Speedup indexing interactions with sqlite#86
Conversation
This should be fine for hiedb's purposes. The loss of durability means that a committed but not yet fsync'd transaction, may be rolled back. In hiedb's case, this would be automatically fixed on the follow-up run.
jhrcek
left a comment
There was a problem hiding this comment.
Nice! I like the performance improvements you were able to squeeze out 👍
But can we do that without changing the public api of the library?
|
|
||
| {-| Initialize database schema for given 'HieDb'. | ||
| -} | ||
| initConn :: HieDb -> IO () |
There was a problem hiding this comment.
We should probably not change the library's api functions without good reason.
E.g. this functions is exposed in multiple versions of the library (https://hackage-content.haskell.org/package/hiedb-0.7.0.0/docs/HieDb-Create.html#v:initConn) and people using hiedb are probably using it.
There was a problem hiding this comment.
I'm not sure there's an easy way to avoid changing the visible API of either initConn or deleteInternalTables. I think the types are wrong relative to setting up the prepared statements.
In this case, HieDb is the handle used to do operations on the sqlite file, so it's the likeliest place to put the prepared statements. But initConn, is the function that sets up the tables, but also takes a HieDb, so it can't contain the prepared statements (without doing something like lazy IO). Sqlite doesn't allow statement preparation on tables that don't exist yet. There's a loop I need to break here.
WDYT? Am I missing overlooking an obvious option here?
There was a problem hiding this comment.
Just realized after looking at deleteInternalTables, I could also just keep this function for API purposes but also otherwise not use it. I've pushed a commit that re-adds back both functions.
| execute_ conn "PRAGMA optimize;" | ||
| changes conn | ||
|
|
||
| deleteInternalTables :: Connection -> FilePath -> IO () |
There was a problem hiding this comment.
Same as above - probably not a good idea to change public api (unless we want to do major version bump, which I don't think is necessary).
There was a problem hiding this comment.
Approximately the same problem occurs here as with initConn.
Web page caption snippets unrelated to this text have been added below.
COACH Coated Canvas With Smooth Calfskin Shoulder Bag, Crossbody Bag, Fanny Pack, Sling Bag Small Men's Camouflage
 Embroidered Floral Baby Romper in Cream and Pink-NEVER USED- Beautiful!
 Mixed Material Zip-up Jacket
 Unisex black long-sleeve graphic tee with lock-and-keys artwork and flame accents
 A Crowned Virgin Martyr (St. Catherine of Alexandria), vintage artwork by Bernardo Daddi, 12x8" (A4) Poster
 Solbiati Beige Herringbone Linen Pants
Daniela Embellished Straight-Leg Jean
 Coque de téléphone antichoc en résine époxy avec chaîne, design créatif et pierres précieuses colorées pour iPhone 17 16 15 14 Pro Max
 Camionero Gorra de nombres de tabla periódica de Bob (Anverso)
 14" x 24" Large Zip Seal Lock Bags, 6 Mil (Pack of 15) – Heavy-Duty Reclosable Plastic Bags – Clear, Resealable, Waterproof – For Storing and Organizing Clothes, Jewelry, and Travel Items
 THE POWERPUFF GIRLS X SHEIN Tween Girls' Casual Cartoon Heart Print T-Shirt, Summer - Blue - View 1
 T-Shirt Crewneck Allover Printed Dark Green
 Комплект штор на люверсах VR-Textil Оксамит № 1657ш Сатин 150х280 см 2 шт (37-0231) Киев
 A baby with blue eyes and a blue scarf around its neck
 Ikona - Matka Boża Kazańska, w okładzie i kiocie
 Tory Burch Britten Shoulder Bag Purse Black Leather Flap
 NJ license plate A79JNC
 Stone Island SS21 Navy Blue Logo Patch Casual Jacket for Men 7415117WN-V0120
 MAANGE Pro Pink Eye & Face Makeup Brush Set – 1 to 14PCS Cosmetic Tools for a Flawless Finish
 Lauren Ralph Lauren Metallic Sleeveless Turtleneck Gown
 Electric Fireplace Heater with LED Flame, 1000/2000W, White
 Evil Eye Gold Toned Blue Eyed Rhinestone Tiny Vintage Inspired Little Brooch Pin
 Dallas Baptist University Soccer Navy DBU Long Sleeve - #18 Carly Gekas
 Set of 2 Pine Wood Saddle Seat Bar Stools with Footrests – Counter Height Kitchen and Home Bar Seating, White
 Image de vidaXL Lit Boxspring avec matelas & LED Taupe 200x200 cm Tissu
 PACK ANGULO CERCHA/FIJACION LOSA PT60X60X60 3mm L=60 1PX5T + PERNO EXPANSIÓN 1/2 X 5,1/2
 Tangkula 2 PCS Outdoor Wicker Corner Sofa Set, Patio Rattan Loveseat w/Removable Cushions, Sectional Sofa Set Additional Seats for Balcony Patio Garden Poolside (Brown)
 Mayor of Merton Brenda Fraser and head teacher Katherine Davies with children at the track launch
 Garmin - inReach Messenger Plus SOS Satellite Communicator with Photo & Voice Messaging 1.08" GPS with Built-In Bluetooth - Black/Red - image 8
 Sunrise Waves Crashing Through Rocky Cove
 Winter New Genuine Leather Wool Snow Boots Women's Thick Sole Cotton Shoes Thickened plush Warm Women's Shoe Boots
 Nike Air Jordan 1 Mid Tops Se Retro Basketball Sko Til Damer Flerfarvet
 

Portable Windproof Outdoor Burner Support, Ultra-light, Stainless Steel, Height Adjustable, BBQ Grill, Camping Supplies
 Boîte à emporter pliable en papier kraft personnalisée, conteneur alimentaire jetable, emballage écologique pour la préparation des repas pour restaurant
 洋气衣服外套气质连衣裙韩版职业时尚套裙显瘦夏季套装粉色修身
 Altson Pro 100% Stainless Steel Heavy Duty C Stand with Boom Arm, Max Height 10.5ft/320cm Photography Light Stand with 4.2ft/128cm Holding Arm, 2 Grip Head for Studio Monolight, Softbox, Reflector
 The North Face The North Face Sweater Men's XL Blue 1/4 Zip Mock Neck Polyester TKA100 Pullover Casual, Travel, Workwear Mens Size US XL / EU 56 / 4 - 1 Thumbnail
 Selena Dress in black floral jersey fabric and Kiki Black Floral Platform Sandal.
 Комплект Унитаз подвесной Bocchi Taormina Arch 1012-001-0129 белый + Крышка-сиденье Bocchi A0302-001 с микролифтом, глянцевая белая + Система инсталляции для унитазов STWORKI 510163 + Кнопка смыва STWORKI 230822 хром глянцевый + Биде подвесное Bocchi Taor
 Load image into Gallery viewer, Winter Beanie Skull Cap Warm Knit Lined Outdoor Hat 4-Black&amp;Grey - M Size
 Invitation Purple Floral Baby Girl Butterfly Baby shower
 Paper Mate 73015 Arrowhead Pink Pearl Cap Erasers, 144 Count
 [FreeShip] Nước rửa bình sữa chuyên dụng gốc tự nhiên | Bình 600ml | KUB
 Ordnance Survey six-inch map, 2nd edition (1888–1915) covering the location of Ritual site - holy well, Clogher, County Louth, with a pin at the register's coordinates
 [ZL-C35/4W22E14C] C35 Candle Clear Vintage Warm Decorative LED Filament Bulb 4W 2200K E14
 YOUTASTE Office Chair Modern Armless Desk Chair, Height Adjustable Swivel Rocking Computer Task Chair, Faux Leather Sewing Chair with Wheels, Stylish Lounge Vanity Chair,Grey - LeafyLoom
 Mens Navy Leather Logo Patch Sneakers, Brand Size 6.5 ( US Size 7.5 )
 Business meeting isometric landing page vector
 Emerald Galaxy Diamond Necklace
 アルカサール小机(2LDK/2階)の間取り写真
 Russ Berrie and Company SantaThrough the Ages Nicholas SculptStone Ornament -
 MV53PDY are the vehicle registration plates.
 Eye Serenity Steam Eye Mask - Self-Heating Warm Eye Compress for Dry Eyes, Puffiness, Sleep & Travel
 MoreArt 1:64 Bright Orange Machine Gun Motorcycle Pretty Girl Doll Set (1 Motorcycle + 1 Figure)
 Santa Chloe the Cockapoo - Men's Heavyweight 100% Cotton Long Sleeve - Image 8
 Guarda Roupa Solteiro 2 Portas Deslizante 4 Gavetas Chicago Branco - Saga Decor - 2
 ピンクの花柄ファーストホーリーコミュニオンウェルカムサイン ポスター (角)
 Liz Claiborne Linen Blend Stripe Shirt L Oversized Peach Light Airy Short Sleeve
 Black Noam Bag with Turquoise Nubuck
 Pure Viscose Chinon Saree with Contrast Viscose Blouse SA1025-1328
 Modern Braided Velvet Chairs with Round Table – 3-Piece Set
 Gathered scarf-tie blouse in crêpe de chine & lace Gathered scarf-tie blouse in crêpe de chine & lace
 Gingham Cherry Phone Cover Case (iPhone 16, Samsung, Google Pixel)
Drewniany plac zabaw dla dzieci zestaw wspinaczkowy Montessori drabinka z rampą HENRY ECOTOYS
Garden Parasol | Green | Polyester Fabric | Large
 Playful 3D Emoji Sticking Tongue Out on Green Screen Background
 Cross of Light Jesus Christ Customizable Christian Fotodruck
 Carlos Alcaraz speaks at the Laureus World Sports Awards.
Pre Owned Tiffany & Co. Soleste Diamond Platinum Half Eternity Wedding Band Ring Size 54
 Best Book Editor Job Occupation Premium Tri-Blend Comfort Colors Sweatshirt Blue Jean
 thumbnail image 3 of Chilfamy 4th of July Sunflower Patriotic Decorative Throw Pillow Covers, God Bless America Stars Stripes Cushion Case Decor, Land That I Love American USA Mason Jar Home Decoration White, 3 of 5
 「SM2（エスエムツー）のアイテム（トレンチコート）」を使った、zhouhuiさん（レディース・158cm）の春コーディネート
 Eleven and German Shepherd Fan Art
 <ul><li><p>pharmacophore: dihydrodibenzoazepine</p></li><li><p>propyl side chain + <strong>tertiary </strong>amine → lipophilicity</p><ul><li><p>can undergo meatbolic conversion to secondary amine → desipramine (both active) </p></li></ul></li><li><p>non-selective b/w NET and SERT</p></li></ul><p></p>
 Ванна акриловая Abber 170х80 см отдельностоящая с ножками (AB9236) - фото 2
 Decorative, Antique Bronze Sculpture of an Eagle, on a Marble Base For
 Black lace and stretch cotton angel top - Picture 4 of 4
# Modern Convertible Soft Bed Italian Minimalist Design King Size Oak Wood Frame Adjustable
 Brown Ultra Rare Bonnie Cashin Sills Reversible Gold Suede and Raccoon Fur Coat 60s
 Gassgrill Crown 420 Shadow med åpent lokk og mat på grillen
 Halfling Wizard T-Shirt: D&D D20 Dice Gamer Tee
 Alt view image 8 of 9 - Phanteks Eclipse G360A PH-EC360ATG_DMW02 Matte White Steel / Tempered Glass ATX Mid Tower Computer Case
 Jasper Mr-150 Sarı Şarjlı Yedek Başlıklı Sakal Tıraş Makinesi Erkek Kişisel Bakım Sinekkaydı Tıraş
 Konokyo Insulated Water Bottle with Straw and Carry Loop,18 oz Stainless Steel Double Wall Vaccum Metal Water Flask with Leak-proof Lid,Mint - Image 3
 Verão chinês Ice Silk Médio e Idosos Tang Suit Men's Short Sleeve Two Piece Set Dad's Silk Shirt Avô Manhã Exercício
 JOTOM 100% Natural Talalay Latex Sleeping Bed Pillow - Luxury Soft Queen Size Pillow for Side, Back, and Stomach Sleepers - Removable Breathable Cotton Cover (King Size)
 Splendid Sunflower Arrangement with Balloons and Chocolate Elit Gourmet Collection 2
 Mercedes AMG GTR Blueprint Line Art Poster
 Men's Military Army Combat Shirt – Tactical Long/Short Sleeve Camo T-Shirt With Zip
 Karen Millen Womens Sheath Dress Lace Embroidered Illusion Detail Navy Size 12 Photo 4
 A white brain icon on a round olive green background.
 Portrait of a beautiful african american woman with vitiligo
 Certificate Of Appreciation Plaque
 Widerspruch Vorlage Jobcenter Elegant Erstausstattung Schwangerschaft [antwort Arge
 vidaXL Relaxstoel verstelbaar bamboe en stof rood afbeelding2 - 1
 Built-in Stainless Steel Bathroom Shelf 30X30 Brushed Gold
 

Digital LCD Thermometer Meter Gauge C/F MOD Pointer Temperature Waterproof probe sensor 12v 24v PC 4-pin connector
In this case I could keep this function for API purposes and have it keep calling the non-prepared deletions, but otherwise not call it ourselves in the library? And also perhaps decorate it with a DEPRECATED pragma?
crtschin
left a comment
There was a problem hiding this comment.
Leaving the function signatures aside, is it acceptable that setupHieDb/initConn is always called?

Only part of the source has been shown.